▶ **Task requirements**: What's wanted here is the full listing below, repeated exactly, with no images in it.

▶ **Material provided**:
[Start of Attachment]

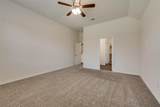 2085 Tahoka Lane - Photo 18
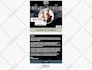 do klaviyo email marketing automations newsletter flows for shopify sales funnel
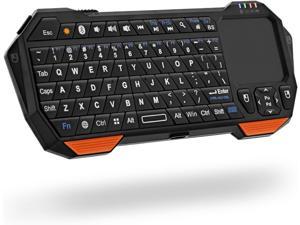 roku bluetooth keyboard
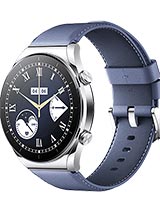 Best available price of Xiaomi Watch S1 in Czech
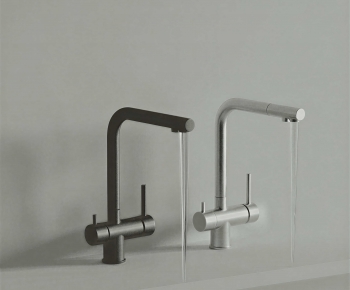 Modern Faucet/Shower-ID:812048994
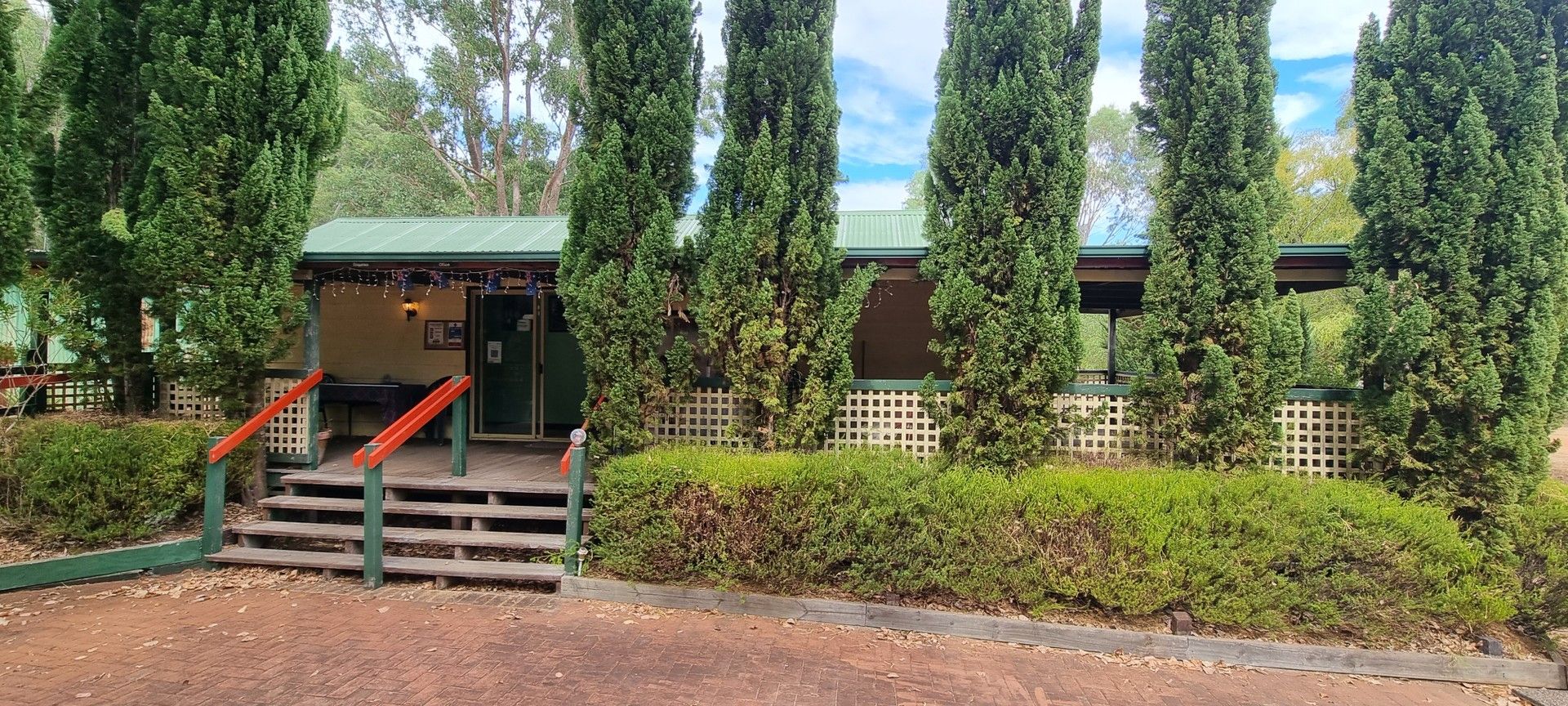 Lot 11 Wheatley Coast Road, Quinninup WA 6258 House for Sale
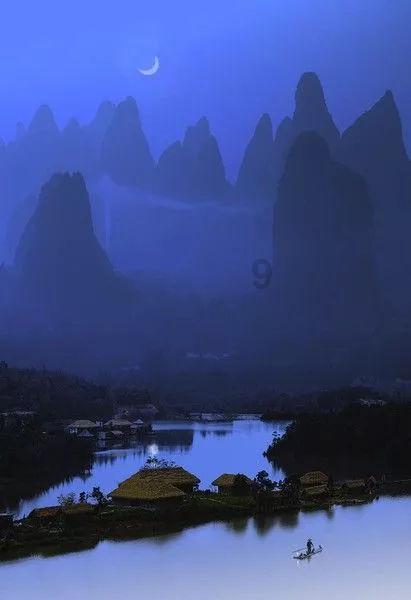 易币付游戏画面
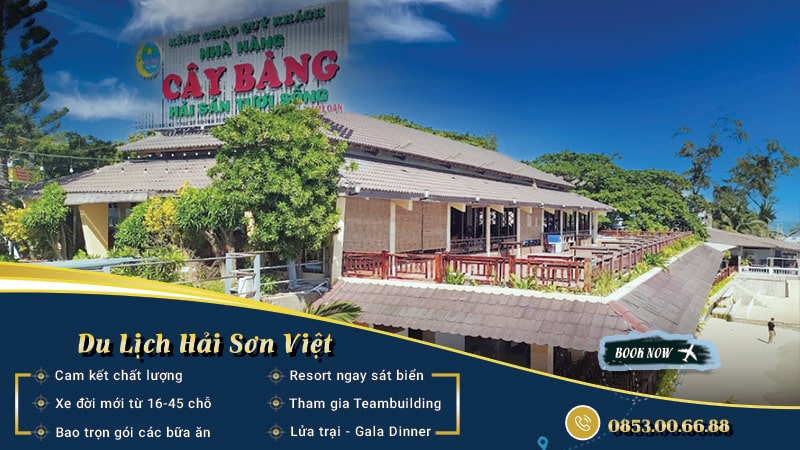 Nha-hang-hai-san-cay-bang-phan-thiet-mui-ne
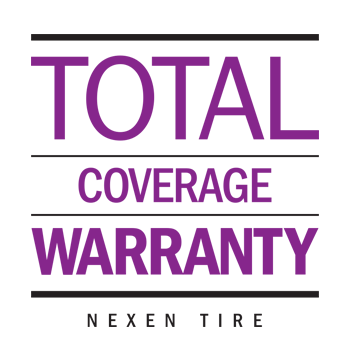 nexen_new_total_warranty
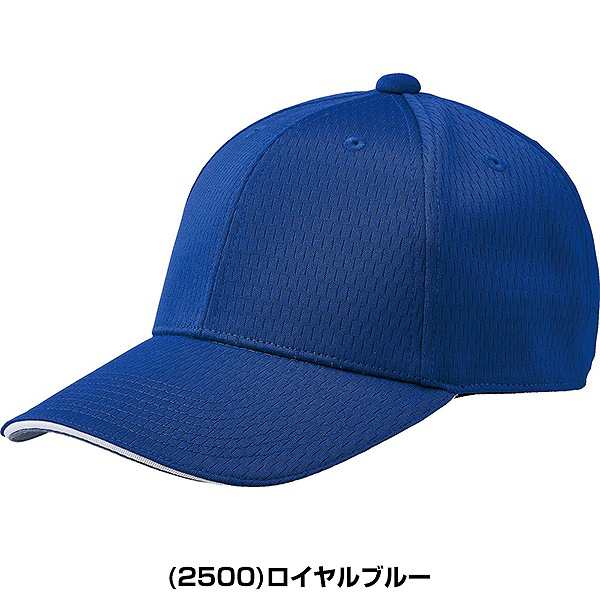 人気買付⭐️新品タグ付き⭐️ シュプリームcap ブルーとナチュラルセット価格 キャップ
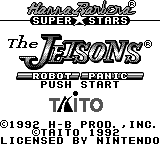 titlescreen (us)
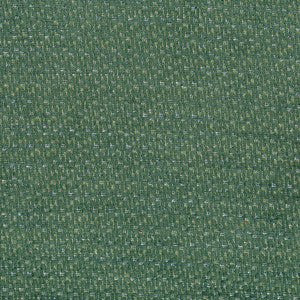 Carlos 205 Mermaid by ABBEYSHEA Fabric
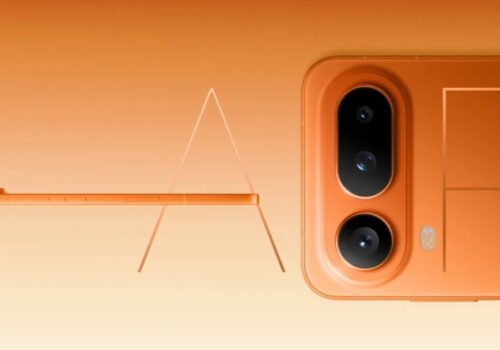 अनर म्याजिक८ प्रो एयर सार्वजनिक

[End of Attachment]

▶ **Solution below**:
 2085 Tahoka Lane - Photo 18
 do klaviyo email marketing automations newsletter flows for shopify sales funnel
 roku bluetooth keyboard
 Best available price of Xiaomi Watch S1 in Czech
 Modern Faucet/Shower-ID:812048994
 Lot 11 Wheatley Coast Road, Quinninup WA 6258 House for Sale
 易币付游戏画面
 Nha-hang-hai-san-cay-bang-phan-thiet-mui-ne
 nexen_new_total_warranty
 人気買付⭐️新品タグ付き⭐️ シュプリームcap ブルーとナチュラルセット価格 キャップ
 titlescreen (us)
 Carlos 205 Mermaid by ABBEYSHEA Fabric
 अनर म्याजिक८ प्रो एयर सार्वजनिक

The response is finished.